Presidential pens have long enjoyed the status of relics in American history and A.T. Cross has been a favoured brand among US leaders. George H.W. Bush, George Bush, and Barack Obama all preferred various Cross pens. (Donald Trump opted for the humble Sharpie though he wanted it to be tweaked to “make it look rich”.) Following a hallowed tradition, the presidents have given away some of these pens to close aides, especially those who help formulate important policies and treaties.

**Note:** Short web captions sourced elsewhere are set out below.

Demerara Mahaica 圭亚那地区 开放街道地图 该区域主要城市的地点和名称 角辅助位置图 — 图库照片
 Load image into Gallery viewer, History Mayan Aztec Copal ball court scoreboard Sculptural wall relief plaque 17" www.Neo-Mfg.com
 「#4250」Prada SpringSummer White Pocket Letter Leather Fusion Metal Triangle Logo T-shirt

Such is the allure of a handed-down presidential pen that Lisa Brown, a senior White House staff, had to lunge to prevent a Congress member from nicking one off Obama’s desk, while the president was in the middle of a signing.
A.T. Cross was founded by Richard Cross, an American entrepreneur who went on to transform the writing industry, in 1846 and named after his son, Alonzo Townsend, who inherited the business and after whom one of Cross’ most popular lines is named. A.T. Cross’s opening gambit was the Peerless Fountain in 1846, with its hand-finished two-tone rhodium-plated solid 18 karat gold nib. In 1946, it launched The Century Pencil, a pioneer among mechanical pencils, to commemorate its centenary.
Apart from the finicky attention to detail lavished on each Cross product, the writing instruments are tested rigorously at every stage of production—at least 120 times, no less. Pens and pencils are also drop-tested several times by letting them fall from a height of 3ft and further examined for some 100 hours to ensure they are resistant to corrosion and colour fading. All these, along with a lifetime mechanical warranty, gives Cross pens an exceptional value, with their ability to outlast generations, if cared well. The Century II rollerball, which is a good starting point if you a collector, starts around ₹3,500 and goes over ₹10,000 in India.